Idk…I thought it was odd behaviour but also she was clearly in distress…so I don’t know if I made the right call with the police. I spoke to dispatch for around 15 minutes, tracking her moves while I waited for the police to arrive…when they did she immediately went up to them and entered the rear seat after about one minute of talking. They then drove off.
I hope her willingness to go with them is a good sign, I just hope she gets whatever help she was after because it wouldn’t sit right if I’ve basically grassed on someone who was clearly in need.
Off to bed now. Bit of a rambly thread. Be interested to hear other experiences.
have never had to do the dialling/speaking myself but been present for a couple of 999 calls. at least once at uni when my diabetic friend was mad hypo after a boozy night (thankfully i wasn’t there the night he was hit by a car and broke his leg)
and more recently when someone set a bin on fire behind our house
after being advised to do so by NHS 111 for Mum a few years back - nothing life threatening, but extremely painful for her.
two year old girl pinned under a 4x4 while I was waiting for a train to go to work - rapid response arrived while I was still on the phone, never found out what happened once they turned up.
gentleman I’d guess in his 60s collapsed outside McDonalds on the local high street. Suspect it was dehydration as it was a mega hot day, but on talking to him it turned out he had recently been discharged from hospital after a heart condition was treated, so called for a precautionary ambulance and waited with him until they were able to arrive. Sadly he had no family local that I could call for him either.

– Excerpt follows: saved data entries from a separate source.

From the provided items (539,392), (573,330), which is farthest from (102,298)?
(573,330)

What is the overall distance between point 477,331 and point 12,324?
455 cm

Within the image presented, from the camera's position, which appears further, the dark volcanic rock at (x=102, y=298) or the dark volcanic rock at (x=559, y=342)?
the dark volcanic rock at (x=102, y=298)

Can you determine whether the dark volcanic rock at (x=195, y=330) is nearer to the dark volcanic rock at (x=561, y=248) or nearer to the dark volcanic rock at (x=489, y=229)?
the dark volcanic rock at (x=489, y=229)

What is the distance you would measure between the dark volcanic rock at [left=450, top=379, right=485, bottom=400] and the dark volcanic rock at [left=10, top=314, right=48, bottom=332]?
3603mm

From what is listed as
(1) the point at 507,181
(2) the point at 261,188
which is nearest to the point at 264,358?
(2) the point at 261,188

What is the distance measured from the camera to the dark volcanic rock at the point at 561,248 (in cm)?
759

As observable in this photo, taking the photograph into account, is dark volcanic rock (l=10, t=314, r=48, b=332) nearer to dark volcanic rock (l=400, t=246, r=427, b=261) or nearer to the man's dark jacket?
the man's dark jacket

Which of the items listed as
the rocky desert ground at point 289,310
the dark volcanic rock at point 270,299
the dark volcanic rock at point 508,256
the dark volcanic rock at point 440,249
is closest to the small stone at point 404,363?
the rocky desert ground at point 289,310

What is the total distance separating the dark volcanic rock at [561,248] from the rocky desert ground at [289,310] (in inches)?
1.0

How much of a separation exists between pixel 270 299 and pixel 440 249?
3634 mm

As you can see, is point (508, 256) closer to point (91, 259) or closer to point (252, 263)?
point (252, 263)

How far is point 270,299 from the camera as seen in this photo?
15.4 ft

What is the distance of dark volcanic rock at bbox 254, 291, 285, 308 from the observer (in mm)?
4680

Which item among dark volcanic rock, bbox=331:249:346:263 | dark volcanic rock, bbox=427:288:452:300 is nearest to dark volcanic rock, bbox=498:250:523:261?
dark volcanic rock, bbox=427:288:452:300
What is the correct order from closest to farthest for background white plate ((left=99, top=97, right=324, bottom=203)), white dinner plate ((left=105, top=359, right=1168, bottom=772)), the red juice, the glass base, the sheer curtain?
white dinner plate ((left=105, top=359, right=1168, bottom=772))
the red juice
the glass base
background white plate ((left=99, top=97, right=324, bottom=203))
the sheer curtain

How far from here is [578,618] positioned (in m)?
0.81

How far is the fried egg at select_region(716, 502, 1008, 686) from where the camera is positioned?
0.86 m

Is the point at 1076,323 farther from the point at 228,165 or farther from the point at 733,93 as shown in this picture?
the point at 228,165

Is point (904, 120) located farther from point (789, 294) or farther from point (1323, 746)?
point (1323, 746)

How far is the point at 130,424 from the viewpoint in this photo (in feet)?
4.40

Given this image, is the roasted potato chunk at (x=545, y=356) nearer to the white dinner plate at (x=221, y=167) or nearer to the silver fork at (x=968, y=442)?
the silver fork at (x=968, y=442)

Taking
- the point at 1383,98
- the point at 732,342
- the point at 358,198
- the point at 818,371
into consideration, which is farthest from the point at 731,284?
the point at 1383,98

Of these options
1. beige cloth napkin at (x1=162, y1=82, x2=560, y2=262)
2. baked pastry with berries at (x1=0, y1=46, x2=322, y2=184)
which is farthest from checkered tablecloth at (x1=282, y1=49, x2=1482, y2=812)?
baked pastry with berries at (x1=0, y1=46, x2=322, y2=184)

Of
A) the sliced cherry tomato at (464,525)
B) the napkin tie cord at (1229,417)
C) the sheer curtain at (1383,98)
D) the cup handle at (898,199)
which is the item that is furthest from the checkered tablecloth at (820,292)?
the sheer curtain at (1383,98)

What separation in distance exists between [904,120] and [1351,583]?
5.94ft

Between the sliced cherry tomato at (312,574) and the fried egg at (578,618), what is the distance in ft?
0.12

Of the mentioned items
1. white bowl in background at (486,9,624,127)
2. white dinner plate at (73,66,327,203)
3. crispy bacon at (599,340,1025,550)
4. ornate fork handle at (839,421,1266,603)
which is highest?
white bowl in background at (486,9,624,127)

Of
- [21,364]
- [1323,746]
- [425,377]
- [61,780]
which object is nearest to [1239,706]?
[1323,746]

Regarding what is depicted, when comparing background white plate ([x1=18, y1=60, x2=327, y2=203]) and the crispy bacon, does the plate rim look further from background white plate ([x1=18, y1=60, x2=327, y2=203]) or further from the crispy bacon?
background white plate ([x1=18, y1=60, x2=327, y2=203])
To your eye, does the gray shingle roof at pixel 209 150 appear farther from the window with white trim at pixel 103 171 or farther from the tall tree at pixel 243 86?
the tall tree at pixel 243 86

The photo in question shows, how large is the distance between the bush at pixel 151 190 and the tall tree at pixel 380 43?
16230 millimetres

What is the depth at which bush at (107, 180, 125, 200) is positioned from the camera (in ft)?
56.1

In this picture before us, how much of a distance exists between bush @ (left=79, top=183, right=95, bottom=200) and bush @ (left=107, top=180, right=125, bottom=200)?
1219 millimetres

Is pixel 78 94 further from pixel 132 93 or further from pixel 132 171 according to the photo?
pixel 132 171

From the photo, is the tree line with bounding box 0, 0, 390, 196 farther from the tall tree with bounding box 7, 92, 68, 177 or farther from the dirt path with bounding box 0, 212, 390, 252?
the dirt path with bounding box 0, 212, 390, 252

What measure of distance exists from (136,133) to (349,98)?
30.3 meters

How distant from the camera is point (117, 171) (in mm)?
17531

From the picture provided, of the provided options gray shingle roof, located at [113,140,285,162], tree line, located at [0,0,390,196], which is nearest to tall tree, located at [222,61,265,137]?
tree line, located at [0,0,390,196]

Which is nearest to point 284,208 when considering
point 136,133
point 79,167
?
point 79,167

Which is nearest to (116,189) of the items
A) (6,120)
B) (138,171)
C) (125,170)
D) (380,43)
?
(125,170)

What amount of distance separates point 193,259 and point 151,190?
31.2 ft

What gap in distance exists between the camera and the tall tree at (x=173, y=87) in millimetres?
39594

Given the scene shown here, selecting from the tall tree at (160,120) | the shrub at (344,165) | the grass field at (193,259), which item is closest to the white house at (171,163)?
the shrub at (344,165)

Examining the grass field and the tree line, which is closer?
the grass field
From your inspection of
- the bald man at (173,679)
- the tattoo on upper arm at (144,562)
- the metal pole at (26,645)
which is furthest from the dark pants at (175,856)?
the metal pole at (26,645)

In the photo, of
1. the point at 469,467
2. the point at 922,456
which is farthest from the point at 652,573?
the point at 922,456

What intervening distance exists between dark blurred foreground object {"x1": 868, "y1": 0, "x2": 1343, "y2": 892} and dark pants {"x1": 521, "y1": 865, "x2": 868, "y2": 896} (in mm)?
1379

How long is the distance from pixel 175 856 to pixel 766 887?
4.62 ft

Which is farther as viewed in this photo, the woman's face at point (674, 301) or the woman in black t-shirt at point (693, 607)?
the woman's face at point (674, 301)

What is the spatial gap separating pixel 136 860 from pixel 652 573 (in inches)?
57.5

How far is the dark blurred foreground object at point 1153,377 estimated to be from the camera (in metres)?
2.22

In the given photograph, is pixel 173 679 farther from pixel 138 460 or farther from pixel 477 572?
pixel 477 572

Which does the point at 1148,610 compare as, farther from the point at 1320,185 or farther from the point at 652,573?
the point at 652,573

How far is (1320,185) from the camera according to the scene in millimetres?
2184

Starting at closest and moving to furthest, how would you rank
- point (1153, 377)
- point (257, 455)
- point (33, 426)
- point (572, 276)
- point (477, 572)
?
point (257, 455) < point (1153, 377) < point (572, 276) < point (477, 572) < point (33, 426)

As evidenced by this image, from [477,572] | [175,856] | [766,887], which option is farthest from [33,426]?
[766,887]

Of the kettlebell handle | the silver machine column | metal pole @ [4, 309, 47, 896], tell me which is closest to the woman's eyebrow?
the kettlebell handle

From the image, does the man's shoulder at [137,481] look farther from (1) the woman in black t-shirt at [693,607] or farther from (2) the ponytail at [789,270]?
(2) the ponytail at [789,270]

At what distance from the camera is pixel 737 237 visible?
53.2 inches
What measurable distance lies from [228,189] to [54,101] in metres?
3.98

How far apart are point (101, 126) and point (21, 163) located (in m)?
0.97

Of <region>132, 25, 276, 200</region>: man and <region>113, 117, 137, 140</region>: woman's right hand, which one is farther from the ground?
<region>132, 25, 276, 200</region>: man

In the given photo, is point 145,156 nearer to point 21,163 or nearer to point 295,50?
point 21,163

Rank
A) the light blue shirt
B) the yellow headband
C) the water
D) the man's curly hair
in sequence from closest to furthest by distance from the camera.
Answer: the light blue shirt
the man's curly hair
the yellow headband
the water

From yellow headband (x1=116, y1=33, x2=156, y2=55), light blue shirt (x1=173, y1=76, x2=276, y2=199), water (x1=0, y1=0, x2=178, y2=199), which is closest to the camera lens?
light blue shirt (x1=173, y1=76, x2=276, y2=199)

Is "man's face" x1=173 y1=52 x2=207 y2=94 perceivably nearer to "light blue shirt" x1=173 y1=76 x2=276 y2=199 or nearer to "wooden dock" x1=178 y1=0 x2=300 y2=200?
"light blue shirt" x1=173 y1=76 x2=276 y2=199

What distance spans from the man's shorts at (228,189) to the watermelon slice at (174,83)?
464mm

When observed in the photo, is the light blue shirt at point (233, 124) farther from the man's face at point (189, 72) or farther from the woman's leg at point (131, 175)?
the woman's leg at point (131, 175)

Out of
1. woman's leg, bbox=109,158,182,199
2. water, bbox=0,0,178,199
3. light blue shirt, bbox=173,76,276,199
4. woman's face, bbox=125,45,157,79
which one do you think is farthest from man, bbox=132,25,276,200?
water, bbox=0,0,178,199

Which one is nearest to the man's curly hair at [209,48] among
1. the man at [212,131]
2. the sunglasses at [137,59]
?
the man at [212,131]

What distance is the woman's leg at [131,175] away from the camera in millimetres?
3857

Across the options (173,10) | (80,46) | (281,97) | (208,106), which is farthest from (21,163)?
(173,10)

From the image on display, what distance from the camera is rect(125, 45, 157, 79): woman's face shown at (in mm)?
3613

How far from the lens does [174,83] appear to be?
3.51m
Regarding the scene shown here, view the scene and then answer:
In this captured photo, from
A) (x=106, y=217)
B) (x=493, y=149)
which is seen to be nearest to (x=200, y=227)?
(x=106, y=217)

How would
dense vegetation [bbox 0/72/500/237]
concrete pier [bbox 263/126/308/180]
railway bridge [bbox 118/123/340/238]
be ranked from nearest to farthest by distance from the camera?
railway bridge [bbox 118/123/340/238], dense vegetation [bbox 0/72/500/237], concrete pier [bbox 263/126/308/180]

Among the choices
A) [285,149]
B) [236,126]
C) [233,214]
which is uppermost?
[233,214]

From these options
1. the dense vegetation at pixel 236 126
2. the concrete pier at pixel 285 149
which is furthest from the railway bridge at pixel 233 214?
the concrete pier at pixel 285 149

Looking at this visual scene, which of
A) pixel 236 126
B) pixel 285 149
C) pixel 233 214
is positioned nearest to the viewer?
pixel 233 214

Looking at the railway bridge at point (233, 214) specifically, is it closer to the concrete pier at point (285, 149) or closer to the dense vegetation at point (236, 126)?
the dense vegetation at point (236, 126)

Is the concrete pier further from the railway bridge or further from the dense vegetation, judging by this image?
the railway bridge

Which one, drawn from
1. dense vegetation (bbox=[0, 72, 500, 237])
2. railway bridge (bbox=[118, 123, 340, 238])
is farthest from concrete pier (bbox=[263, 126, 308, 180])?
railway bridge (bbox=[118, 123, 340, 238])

A few times yeah, but mostly through this part time job I’ve had for the past two years at the local students union – we call for help if someone gets hurt or is drunk out of their mind and so on. (Also had a few fire alarms but then they just turn up regardless.)
First time I had to call for an ambulance while at work was when the place had closed for the night and I was going around locking all the doors etc., and saw some people standing around outside the main entrance – they had just walked past and saw this girl curled up asleep/unconscious on the concrete just outside. Me and the security people who were still there tried to make contact with her and stuff but she was just completely gone. Ambulance came and picked her up and I can only assume it all worked out for the best. I’ve had to call for several ambulances since then (and as such have many more stories) but that was the first one so I was really high on adrenaline and just remember it very well.
One thing I only learned during a first aid course at work is that when you do call emergency services, the very first thing you should always say is just your location (rather than going straight into explaining whatever the situation is etc.). Cause then, if the line gets cut off or whatever, at least they can locate you and send someone. Seems really obvious once you think about it, but I literally went through 30 years of being alive before becoming aware of this.
Quite a few times. First time was when I was about 13 and playing cricket on the school playing fields during the summer holidays. Some other kids managed to set fire to some of the playing field so we had to call the fire service, from a nearby resident’s house.
Other times: nasty looking domestic row outside our window; man stumbling his way down a particularly dangerous stretch of the A10; woman with broken ankle in the Norfolk countryside; another row outside our house. Maybe one or two other times.
Hope you’re okay @wonton and not shaken up. Think you made the right decision.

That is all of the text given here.